IAEA chief Yukiya Amano has pressed Iran to grant his inspectors immediate access to Parchin.
Deputy Russian foreign minister Sergei Ryabkov told the Financial Times at the weekend that Russia would support direct US-Iran talks.
"We will not have a word against this. Of course, we would hope we would be informed on the content of these arrangements," Ryabkov said.
"We want something that will bring everyone out of this morass," he said.
Iranian Foreign Minister Ali Akbar Salehi expressed optimism over talks due to be held on Dec. 13 between Iran and the IAEA in Tehran.
“We are hopeful that with the positive step Iran has taken in resolving this issue ... this meeting will identify a framework of cooperation in regards to the issue of a visit to Parchin,” Salehi was quoted as saying by the Iranian Students’ News Agency.
Salehi did not give details, but Iran has previously said a framework deal on how the watchdog should conduct its investigation must be agreed before any agency visit to Parchin.
A series of meetings this year between the IAEA and Iran, the most recent in August, has failed to make concrete progress and Western diplomats have accused Tehran of playing for time.
Tehran says its atomic program is peaceful, but Western nations believe it is aimed at developing weapons.

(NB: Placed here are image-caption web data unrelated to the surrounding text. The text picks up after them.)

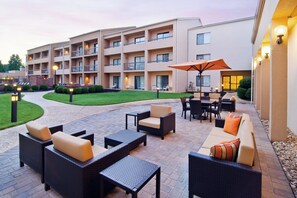 Desk, soundproofing, iron/ironing board, free WiFi - Courtyard by Marriott Huntsville University Drive (Huntsville)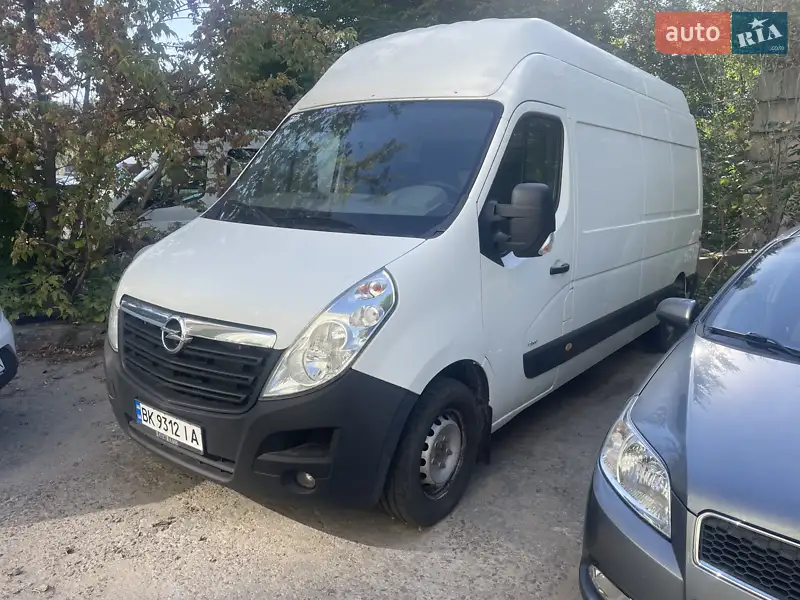 2017 opel movano
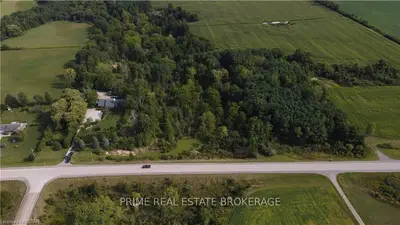15896 TALBOT Trail, Chatham-Kent, ON N0L 1X0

Amano said in Baghdad on Sunday that “activities at Parchin are ongoing”, a reference to Iran's alleged clean-up work, although he did not give further details.
Salehi repeated Iran's denial on Monday. “The idea that it is possible to clean up signs of pollution is not acceptable from a technical perspective,” he said. “It is not possible to clean up signs of nuclear pollution.”

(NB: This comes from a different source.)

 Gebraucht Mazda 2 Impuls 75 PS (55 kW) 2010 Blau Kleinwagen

According to Salehi, Iran's top nuclear negotiator Saeed Jalili and EU foreign policy chief Catherine Ashton, who represents the world powers in the talks, are to hold a telephone conversation before November 21 "to decide on a venue and date."
The IAEA has said it hoped the talks in Tehran would produce an agreement to allow it to resume a long-stalled investigation into possible military dimensions of Iran’s nuclear program.
But Vienna-based Western diplomats, speaking before Salehi's comments, expressed skepticism that the new meeting would yield a breakthrough.
“Our initial impression is that there is no indication from Iran that they are prepared to engage any more or any differently on substance than they have in the past year,” one envoy said.
Amano also said on Sunday the IAEA had an “essential role” to play in breaking the stalemate.
“It is in the interest of Iran and the international community,” Amano said. “That is why I think there is some big reason that Iran will get cooperative for us. But at the same time, the situation is very difficult and worrying and I do not want to speculate.”
The U.N. Security Council has imposed four sets of sanctions on the Islamic regime, which coupled with unilateral Western restrictions on its oil sector and banks, have begun to cause major problems for its economy.